The specific terms that you include in your will determine what your family receives from your estate, what other parties may benefit from your property and what protections your dependent loved ones have. Wills can be as thorough or as generic as the person creating them decides they should be.
There are no two adults with the exact same family and financial circumstances, so every will typically includes certain terms that are unique. However, there are specific terms that many people need to include in their wills for their own protection or the protection of the people that they love.
What are some of the most popular and important terms to add to your will?
A guardian for your children
If you have children under the age of 21 or if there is an adult with disabilities who depends on you, whether they are your sibling or your parents, you need to think about who will provide support for those dependent individuals if anything ever happens to you.
Not only do you have to consider who might provide the best care, but you also need to get their permission to name them as a guardian, a process which can involve some very difficult discussions.
Recipients for major assets
Some of the most important inclusions in your will may involve designating someone to receive your primary residence or your biggest financial accounts. Your most valuable property will likely be a major priority in your estate plan.
Not only do you need to name people to receive your property, but you will need to review the list of assets that you included and named beneficiaries. Updating your will when your family circumstances or personal holdings change will be important to ensuring the document remains legally valid.
Someone to receive the residual estate
Maybe one of your primary beneficiaries will die in the same car crash that claims your life. Perhaps you have tens of thousands of dollars in personal property that you do not explicitly designate to one person or another.

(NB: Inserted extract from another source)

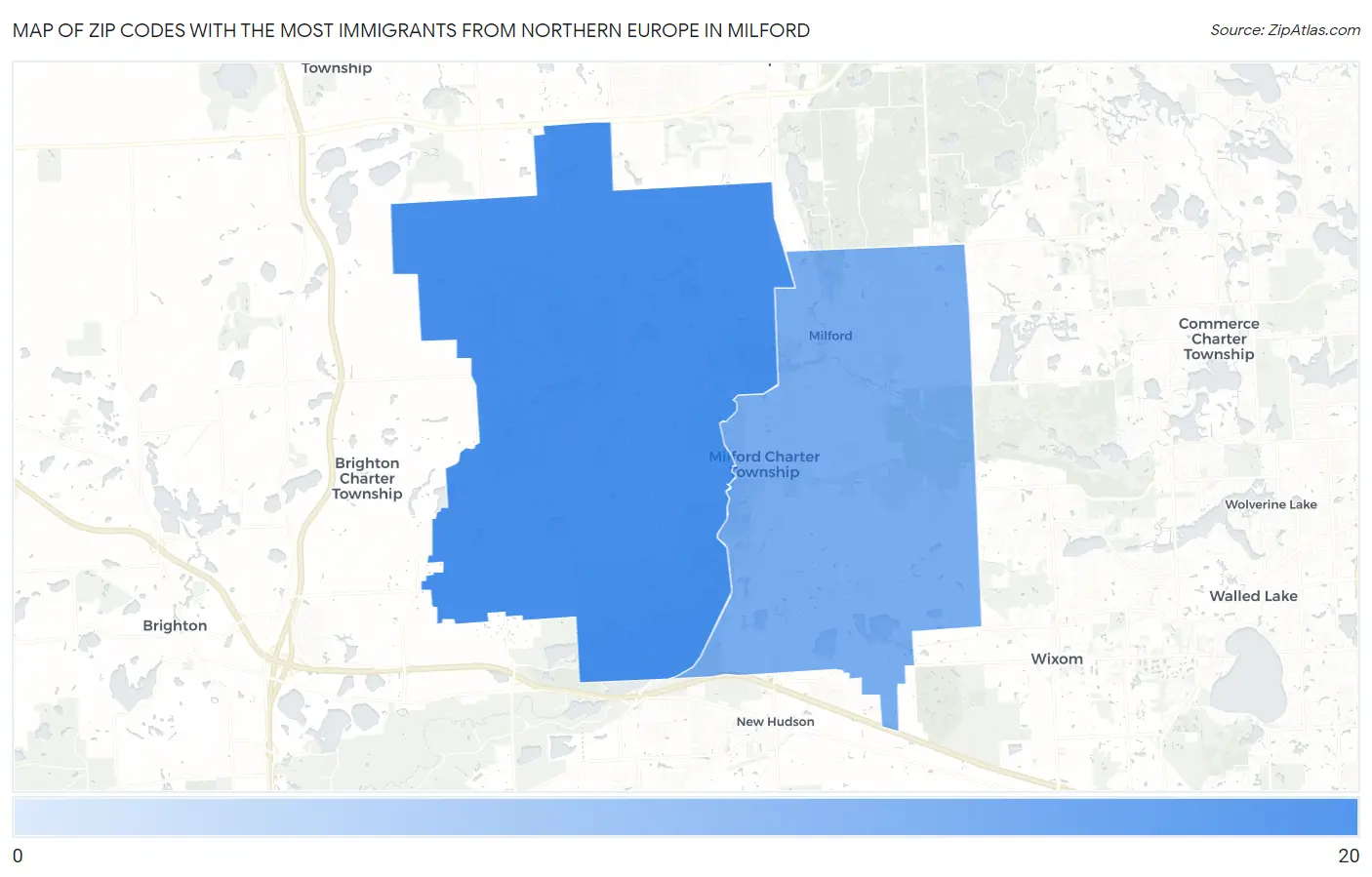 Zip Codes with the Most Immigrants from Northern Europe in Milford Map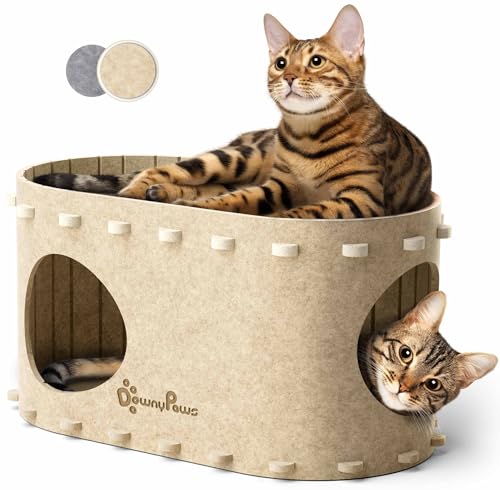 Katzenhöhle Filz, Katzenhaus aus Filz, Katzenbett, Katzenhöhle für Katzen, 58 x 33 x 30cm, Peek-a-Boo zum Spielen, Winterfest, Schutz der Katzennägel, Beige Katzenhöhle Filz, Katzenhaus aus Filz, Katzenbett, Katzenhöhle für Katzen, 58 x 33 x 30cm, Peek-a-Boo zum Spielen, Winterfest, Schutz der Katzennägel, Beige von DownyPaws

Naming someone to receive your residual estate allows them to receive assets not inherited by others, either because beneficiaries cannot accept certain assets or because you have assets not addressed in your estate planning documents.
Some people may find that they need to integrate other documents, including transfer on death designations and trusts into their estate plans to better achieve their major legacy goals. Still, adding the right terms to your last will is an important starting point for a robust estate plan.